Mengerti Setelah Stroke
Rabu (14/08/2019) sore, saya membaca cuitan b. e. widha karina @bewidha di twitter. Begini cuitan itu: karena perlu diingat bahwa tidak semua orang dianugerahi kemampuan memproyeksikan kompleksitas pekerjaan orang lain. Widha Karina mencuitkannya pada Selasa (13/08/2019) pukul 10.20 post meridiem (PM). Hmmm memproyeksikan kompleksitas pekerjaan orang lain? Â Â
Pikiran saya langsung melayang ke Putu Wijaya, tokoh teater yang saya kagumi. Seniman yang kini berusia 74 tahun itu, dapat serangan stroke pada tahun 2012. Ia sakit. Tapi, itu tak membuatnya berhenti berkarya. Setelah stroke, Putu Wijaya lebih banyak melukis, dibanding menulis dan mementaskan karya di panggung teater.
Aktivitas melukis memang sudah cukup lama ia tinggalkan, karena keasyikan menulis cerita pendek, novel, lakon, dan esai. Juga, karena keasyikan menjadi sutradara sekaligus pemain di pentas teater. Ia mendirikan Teater Mandiri pada tahun 1971. Pada Jumat hingga Minggu (01-03/03/2019) lalu, Putu Wijaya menggelar pameran seni rupa dan arsip di Gedung Pusat Pengembangan Kebudayaan (PPK) Jalan Naripan, Kota Bandung, Jawa Barat.

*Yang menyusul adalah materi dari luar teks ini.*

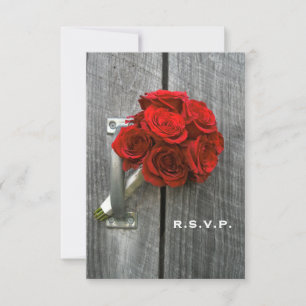 Red Rose Bouquet & Barn Wood Wedding RSVP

Di kesempatan tersebut, Putu Wijaya bertutur: setelah saya sakit, sesuatu yang dulu mudah, sekarang sulit. Akan tetapi, sesuatu yang dulu biasa, tiba-tiba menjadi indah. Sakit seakan mengajarkan saya untuk lebih mengetahui, apa yang sebelumnya tidak pernah saya ketahui.

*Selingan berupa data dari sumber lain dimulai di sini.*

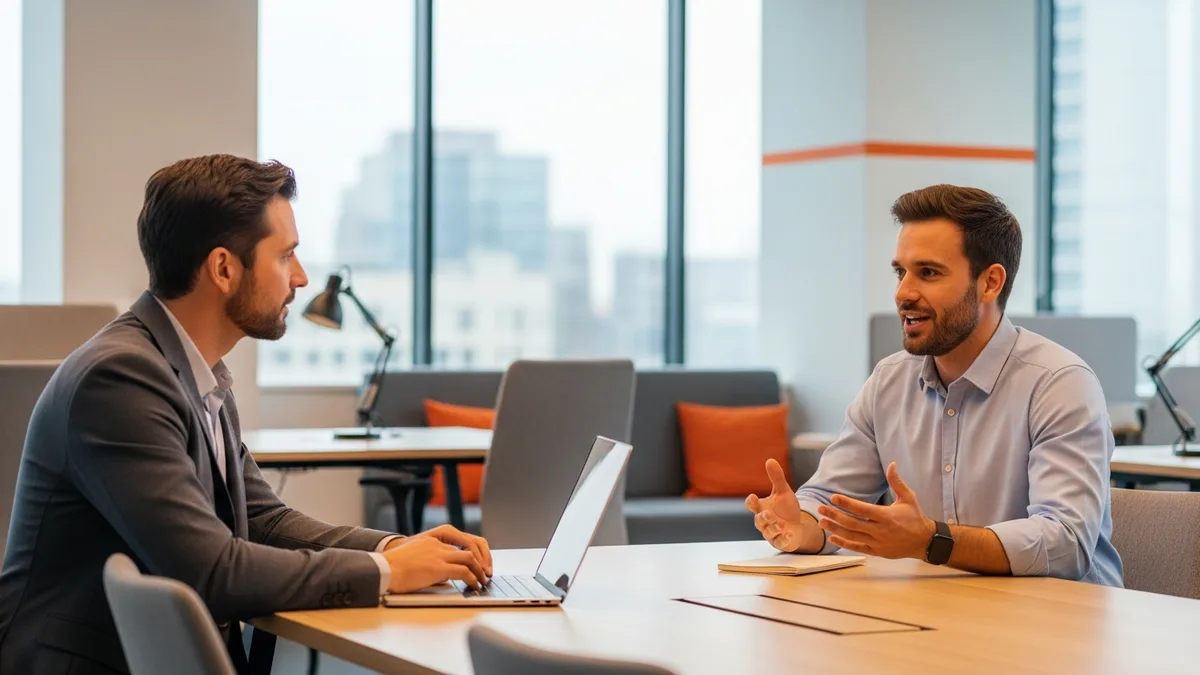 Hiring manager interviewing a confident product marketing manager candidate across a conference table in a modern tech office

Penuturan Putu Wijaya itulah yang saya pikir berkorelasi dengan cuitan Widha Karina. Jangankan untuk memproyeksikan kompleksitas pekerjaan orang lain, bahkan untuk mengerti tentang diri sendiri pun, bukan hal yang mudah. Putu Wijaya, misalnya, baru setelah dapat serangan stroke, jadi tahu apa yang dulu mudah, sekarang sulit. Yang dulu biasa, sekarang indah.
Artinya, ada faktor tertentu, yang membuat seseorang mengerti sesuatu. Ini sebenarnya merupakan sinyal pengingat bagi kita, agar tak serampangan menuding orang lain. Juga, agar tak seenaknya meremehkan kemampuan orang lain. Karena, ketika kita menilai orang lain, tentulah ada faktor tertentu di diri orang tersebut, yang tak sepenuhnya kita mengerti.

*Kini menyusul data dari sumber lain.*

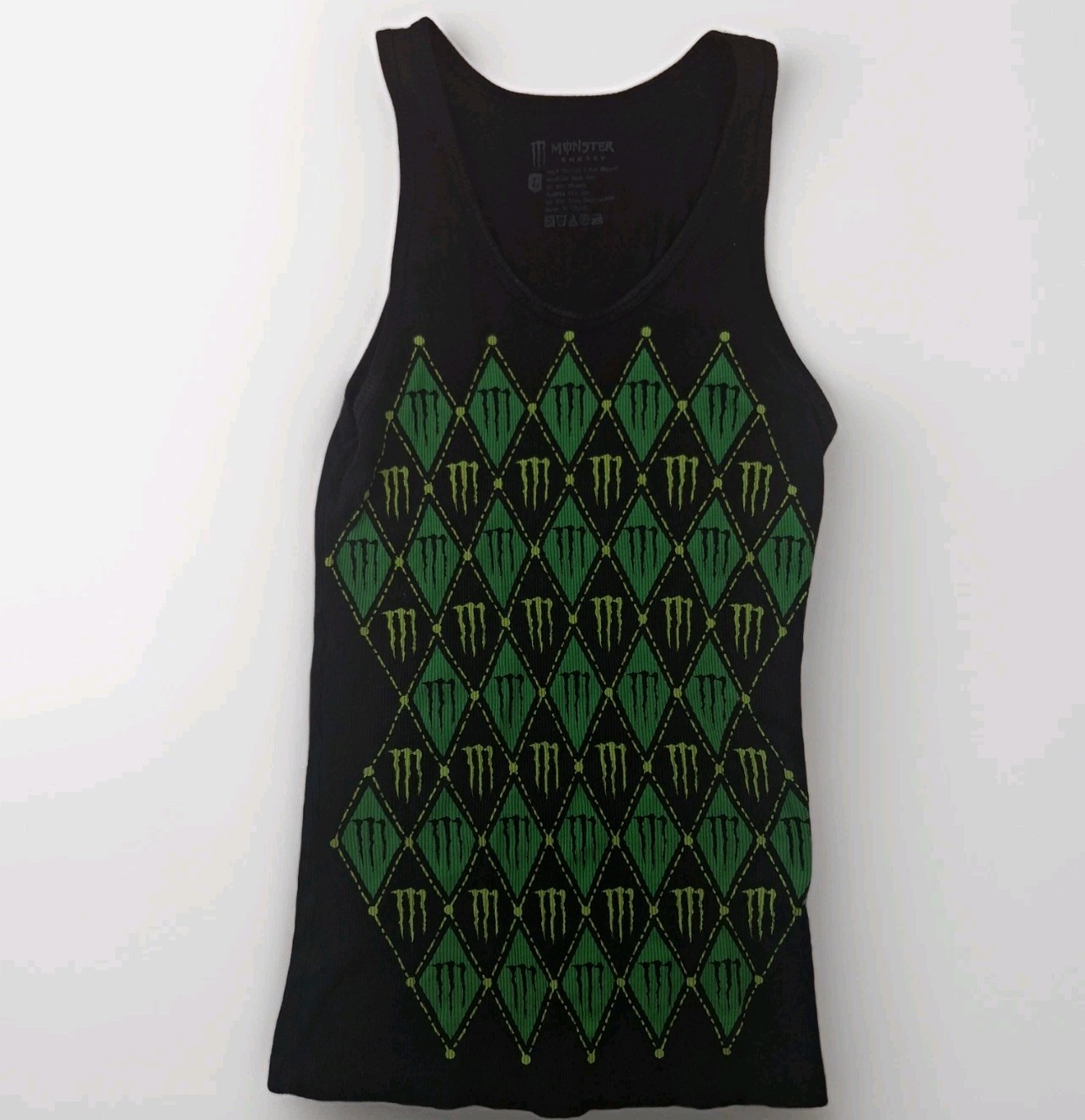 Monster Energy Argyle Skeleton Claw Tank Top Black Green Size L 100% Cotton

Suatu hari, saya turun di Stasiun Gang Sentiong, salah satu stasiun yang disinggahi kereta Cummuter Line. Ini adalah stasiun kecil yang peronnya tak cukup panjang untuk menampung rangkaian 12 kereta. Lokasinya di perbatasan antara Kecamatan Senen dan Kecamatan Johar Baru, Jakarta Pusat. Di ujung jalur 1 arah selatan, ada sebatang pohon yang condong ke arah stasiun.
Ketika pagar stasiun dibangun, pohon itu tidak ditebang. Sang pagar yang mengalah, hingga pohon dan pagar saling berkolaborasi menjaga keamanan stasiun. Di bawah pohon yang cukup rindang itu, di bagian luar stasiun, ada bangku kayu kecil untuk tempat duduk. Warga di sana kemudian menggantungkan beberapa sangkar burung di pohon itu.